The example above annotates a scatter plot by drawing a red rectangle with 20% transparency (controlled by alpha) around the cluster of colleges with high costs, high net tuition, and low admissions rates.

Question #4: Use the subset() function to create a data frame containing only colleges located in the state of Iowa.

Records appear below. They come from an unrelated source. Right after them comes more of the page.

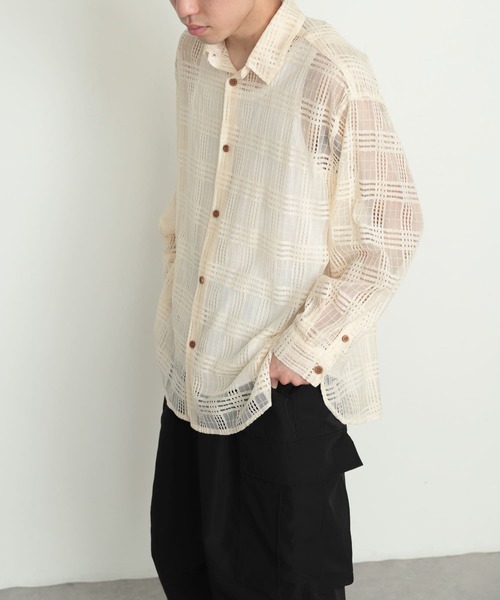 SENSE OF PLACE by URBAN RESEARCH（センスオブプレイスバイアーバンリサーチ）の「『ユニセックス』チェックレースシャツ（シャツ/ブラウス・メンズ・アイボリー/チャコールグレー/カーキ・LARGE/MEDIUM）」の14枚目の写真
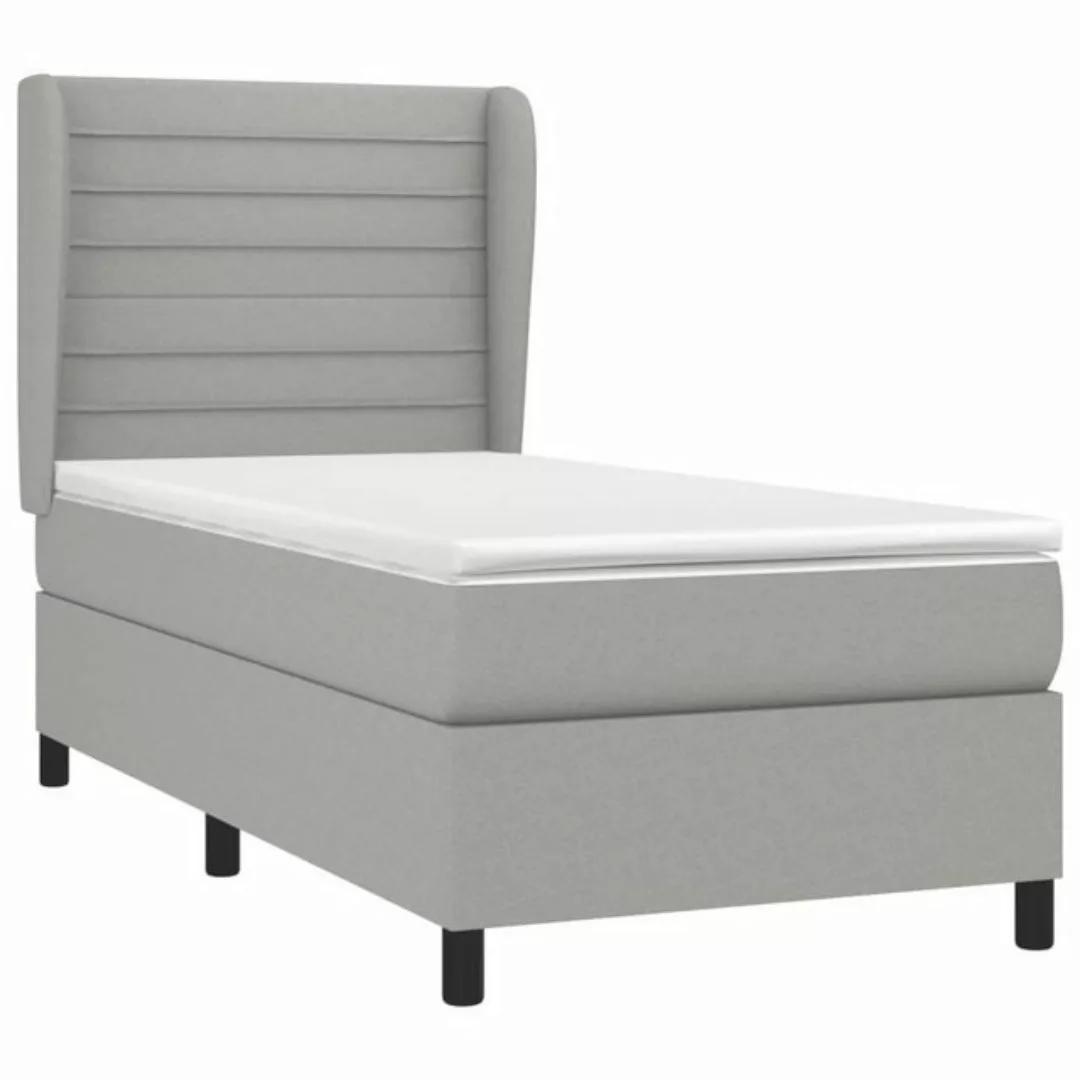 furnicato Bettgestell Boxspringbett mit Matratze Hellgrau 90x200 cm Stoff ( günstig online kaufen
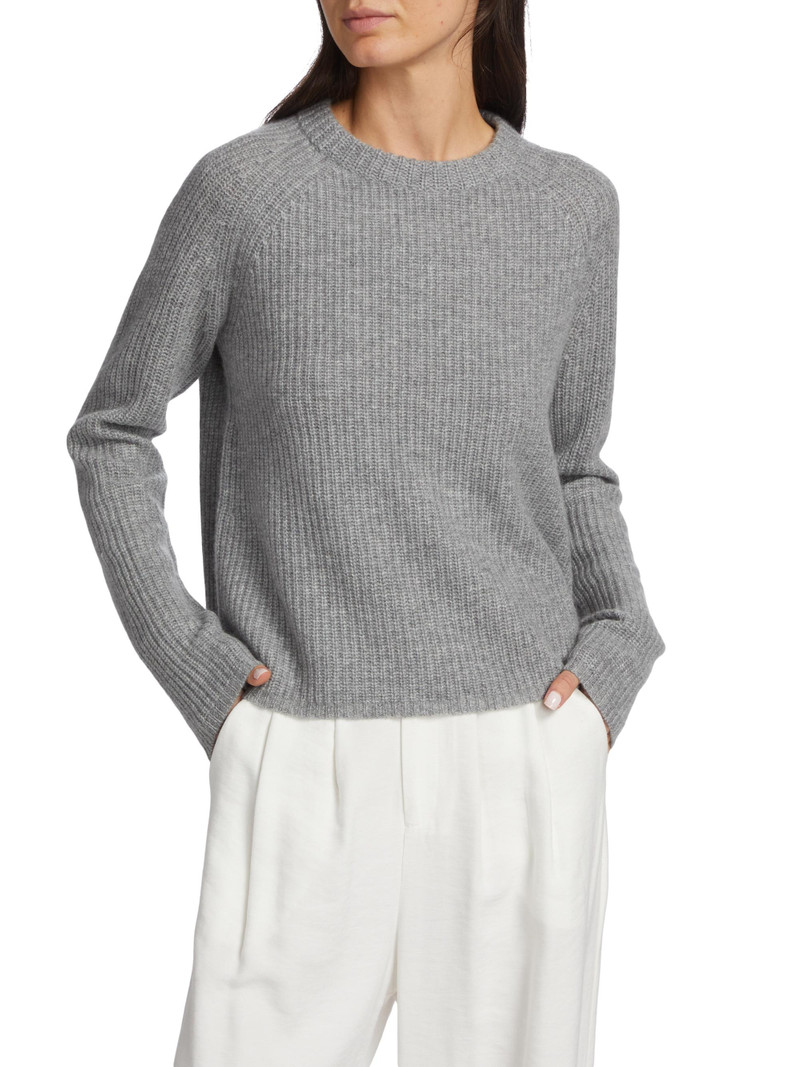Women's Cashmere Fisherman Sweater - Heather Grey 3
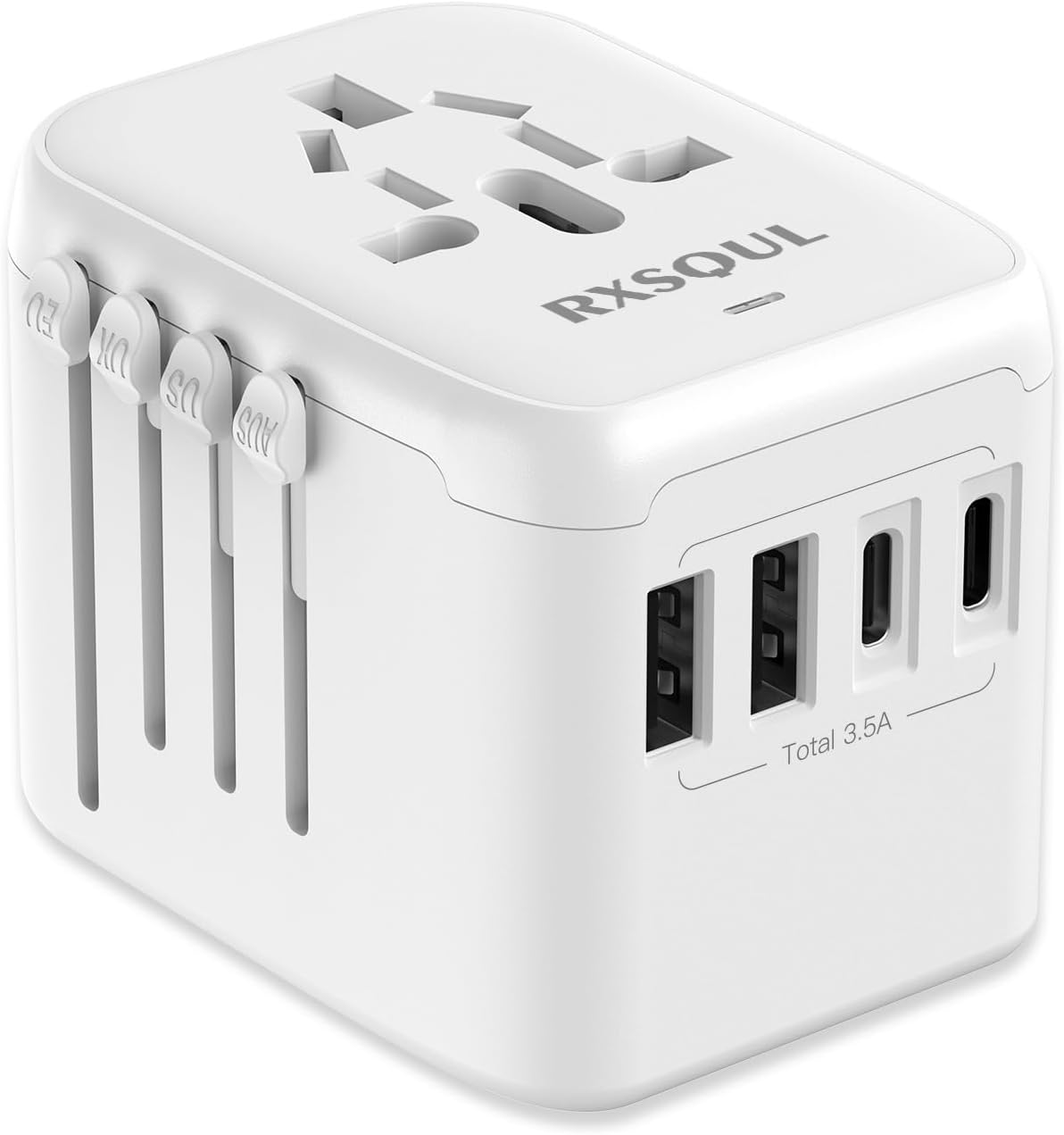 Universal International Power Travel Plug Adapter, 5 in 1 European Travel Plug Adapter W/ 3.5A 2Xusb-A and 2Xusb C Wall Charger and Worldwide AC Outlet for Europe USA Japan UK AUS Asia-Green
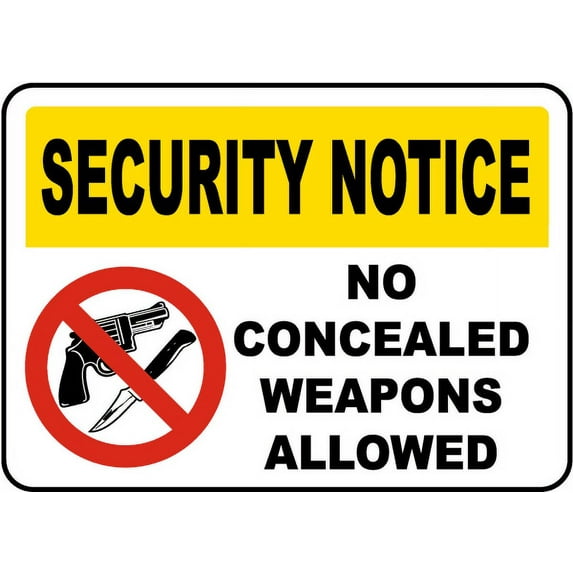 Vinyl Stickers - Concealed Weapons Not Allowed Sign 2 - Safety and Warning Warehouse Signs Stickers - 13" x 9" - 6 Pack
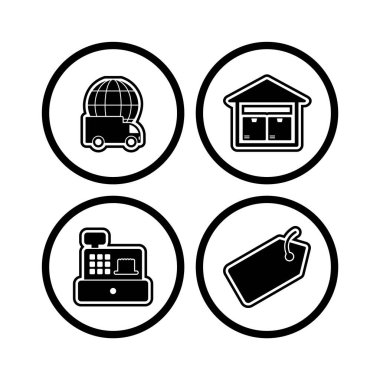 Beyaz arkaplanda 4 adet e-ticaret simgesi izole edildi...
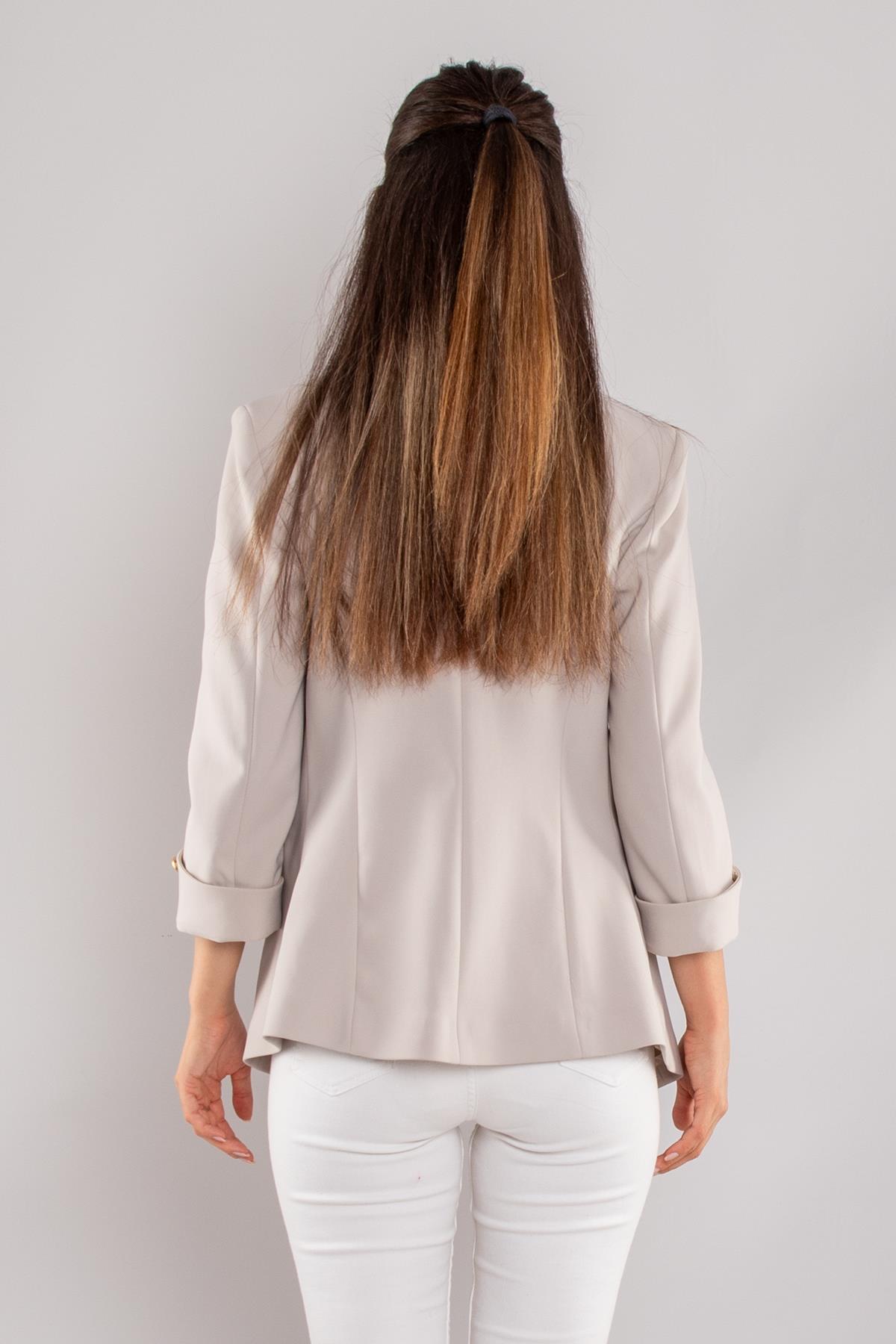 90599 6 Gold Düğme Detay Blazer Kadın Ceket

Using these data, create a box plot of admissions rates, rename the x-axis label to “Admissions Rate”, and add a text annotation above the outlier saying “Grinnell”.

\(~\)

Scales

Scales map values in the data space to the aesthetic space (ie: where and how should data with Adm_Rate=0.2, Cost=40000, and Net_Tuition=10000 appear on the graphic?).

Scales can be modified by adding layers using functions whose names follow the general format: “scale_aesthetic_function()”. Shown below are a few examples:

## Default Scales
ggplot(data = colleges, mapping = aes(x = Cost, y = Net_Tuition, color = Adm_Rate)) +
  geom_point()

## Put cost (the "x" aesthetic) on the log2 scale
ggplot(data = colleges, mapping = aes(x = Cost, y = Net_Tuition, color = Adm_Rate)) +
  geom_point() +
  scale_x_continuous(transform= "log2")

## Use a gradient from purple to yellow to display Adm_Rate
ggplot(data = colleges, mapping = aes(x = Cost, y = Net_Tuition, color = Adm_Rate)) +
  geom_point() +
  scale_color_gradient(low = "purple", high = "yellow")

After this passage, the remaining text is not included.